## Records supplied
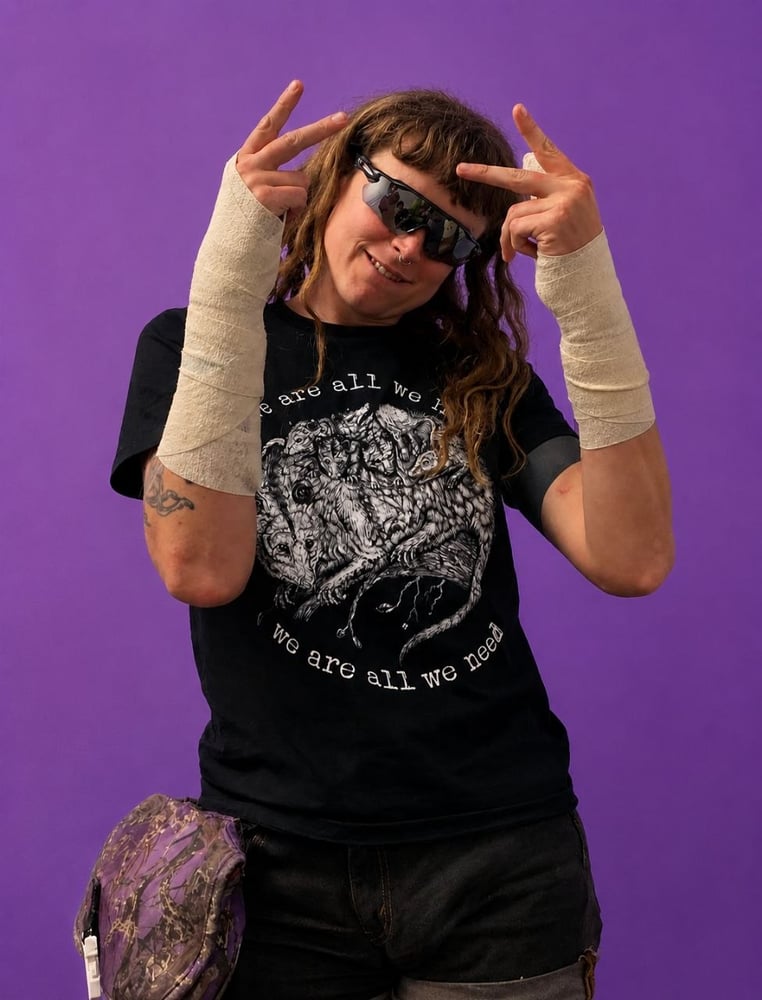 Image of "we are all we have" | FreeDes.net benefit shirt
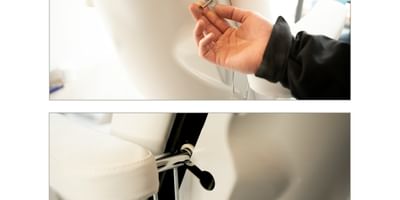 3e. | If the light does not light up, loosen the cap at the back.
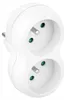2-Steckdosen-Verteiler mit geerdetem Stecker weiß Elgotech Produktbild-Vorschau 7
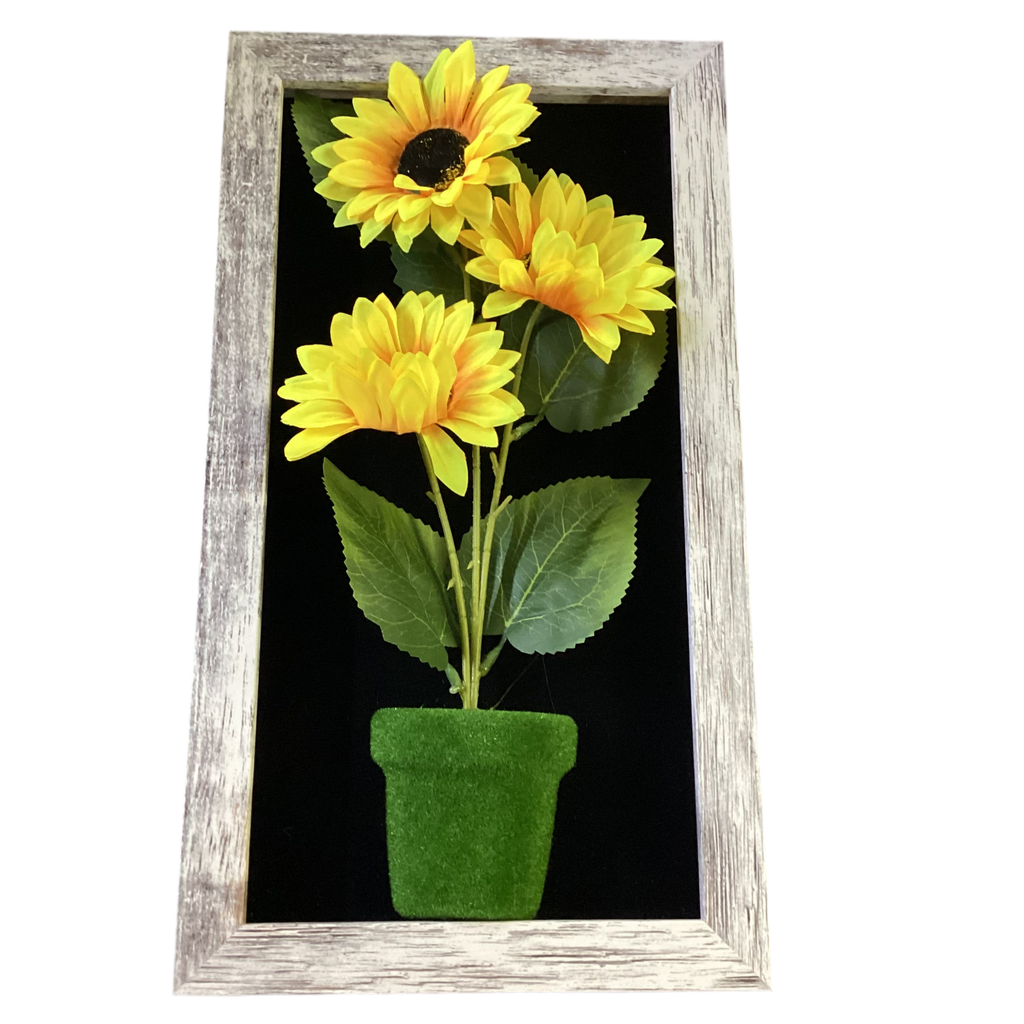 WS FRAMED ARTIFICIAL SUNFLOWER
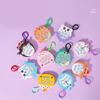 Handheld Game Console Keychain Light Up PopGame Toy Sensory Fidgets Toy Push Bubble Keyring with LED Kids Stress Toy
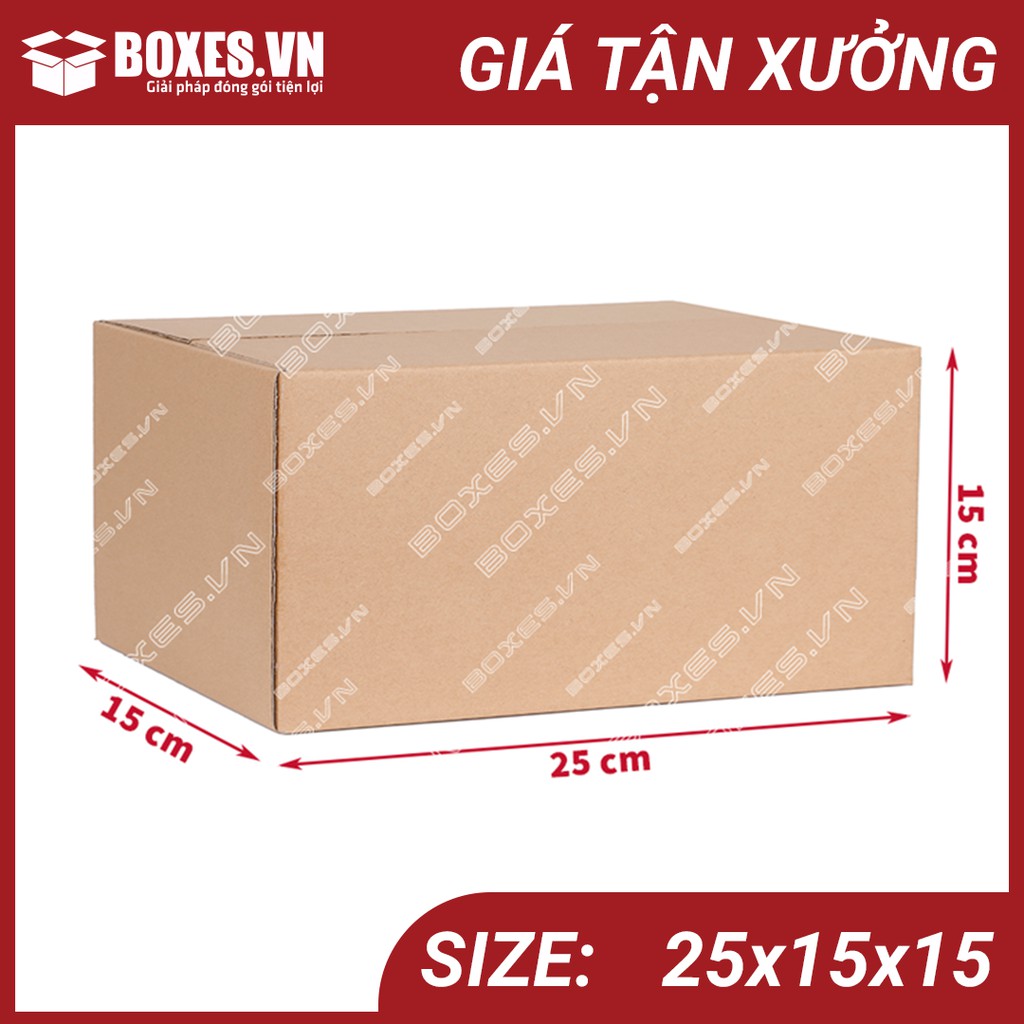 25x15x15 Combo 100 hộp carton Boxes đóng gói hàng giá tại xưởng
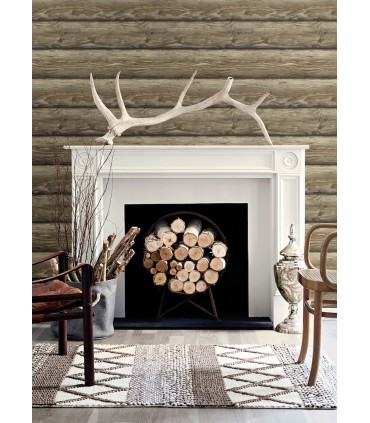 4142-72617 - Bunkhouse Light Brown Wallpaper-Chesapeake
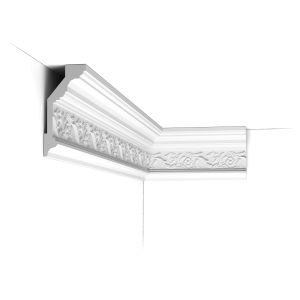 C303 decorative cornice profile shown installed in a room corner
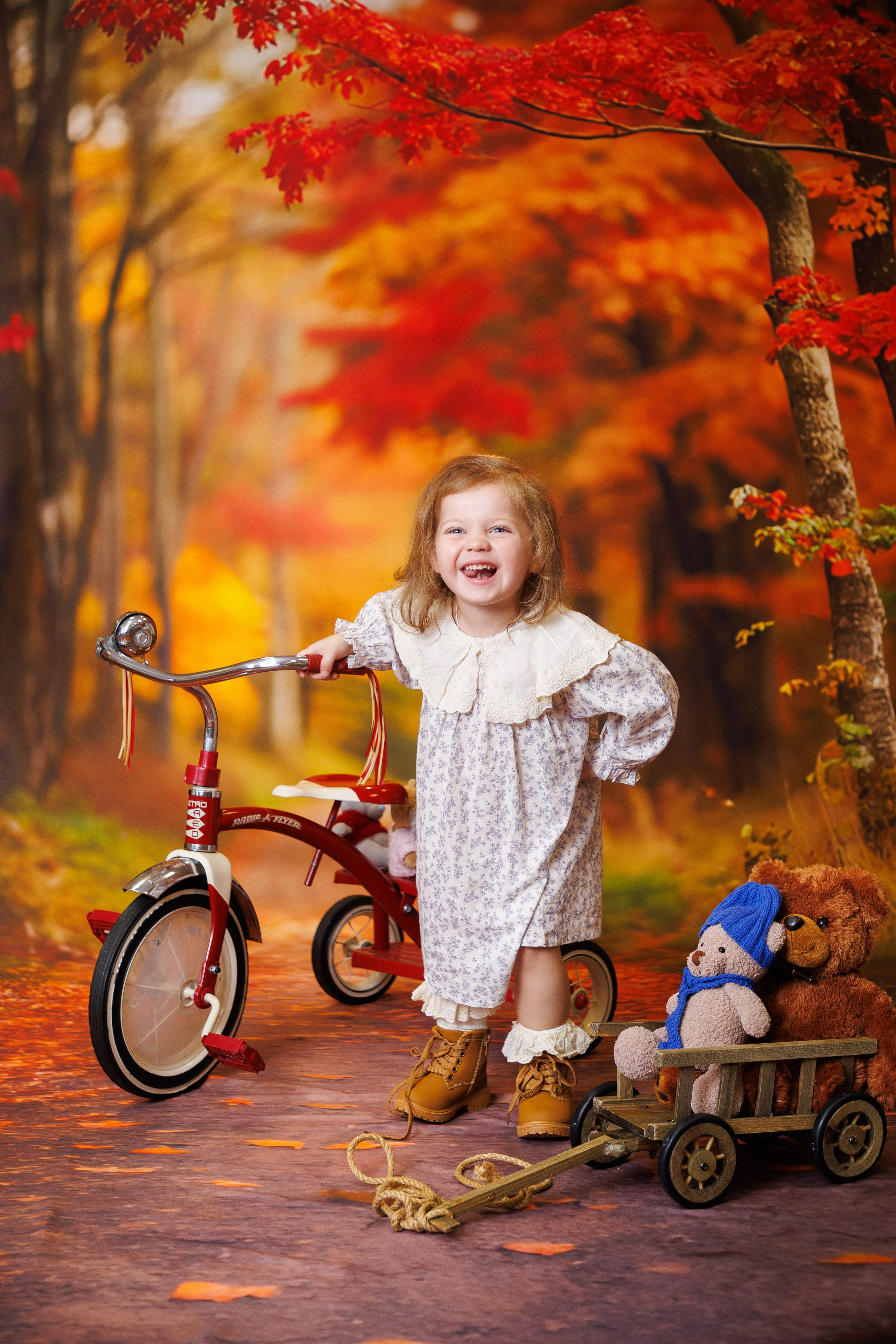 Велосипед. Детская фотостудия Москва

## Your task
Your answer must be the lines from the one holding "4142-72617 - Bunkhouse" through the final line of the records above, exactly as written and without any pictures.

## Exercise result
 4142-72617 - Bunkhouse Light Brown Wallpaper-Chesapeake
 C303 decorative cornice profile shown installed in a room corner
 Велосипед. Детская фотостудия Москва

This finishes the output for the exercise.